ANZAC Day 2020
105 years ago, the beach and craggy gullies of Gallipoli burst into a clatter of machine guns, the crack of the sniper’s rifle and the thump of machine gun artillery shells.
Australian and Kiwi troops had come ashore at dawn, to what is now known as ANZAC cove.
Despite the ill-planned attack and shocking bloodshed, the campaign would be cemented in our history as the baptism of a nation.
The marches and dawn services in cities and towns, across our country and in New Zealand, and the growing reverence of the crowds gathering in Gallipoli, established ANZAC Day as our most treasured and revered annual commemoration.

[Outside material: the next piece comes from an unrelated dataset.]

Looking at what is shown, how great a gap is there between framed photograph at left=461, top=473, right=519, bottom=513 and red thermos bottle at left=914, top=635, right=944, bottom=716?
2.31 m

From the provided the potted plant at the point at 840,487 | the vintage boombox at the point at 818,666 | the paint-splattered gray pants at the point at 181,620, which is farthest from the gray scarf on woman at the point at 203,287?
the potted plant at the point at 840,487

As the pilgrimages to Gallipoli grew, ANZAC cove rang each year to the sound of three national anthems; Turkey, New Zealand and Australia, and the prayers of remembrance.

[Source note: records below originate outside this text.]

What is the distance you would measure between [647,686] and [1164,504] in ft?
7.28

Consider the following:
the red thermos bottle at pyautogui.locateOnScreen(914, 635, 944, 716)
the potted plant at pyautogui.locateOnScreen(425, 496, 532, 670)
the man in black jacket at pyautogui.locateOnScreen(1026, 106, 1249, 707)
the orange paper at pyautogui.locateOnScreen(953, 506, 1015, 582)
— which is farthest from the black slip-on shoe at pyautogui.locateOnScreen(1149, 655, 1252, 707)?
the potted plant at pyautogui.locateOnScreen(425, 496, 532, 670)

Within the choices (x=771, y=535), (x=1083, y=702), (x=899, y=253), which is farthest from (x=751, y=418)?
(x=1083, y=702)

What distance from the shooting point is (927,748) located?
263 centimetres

The annual gathering has seen young Australians wrap themselves in blankets, drawn to the Turkish shoreline, absorbing the ANZAC story. Few walk away unaffected, by walking on the same ground where the struggle took place.
But today in Gallipoli there will only be silence. Perhaps a whisper of the sea heaving gently in and out, over the sand and stones that compose the historic strip of Turkish coastline.
ANZAC Day here in Australia, across the pond in New Zealand and over there in Turkey, a far different occasion in 2020 where dawn services and marches were cancelled across the country.
This morning my husband and I stood on our apartment balcony at dawn, listened to the Ode and The Last Post on YouTube and had a few minutes of quiet remembrance.
The service focuses our nation on that one event, but it is a reminder to honour the Australian women and men who serve in all conflicts and peacekeeping missions across the globe.
We will remember them. Lest we forget.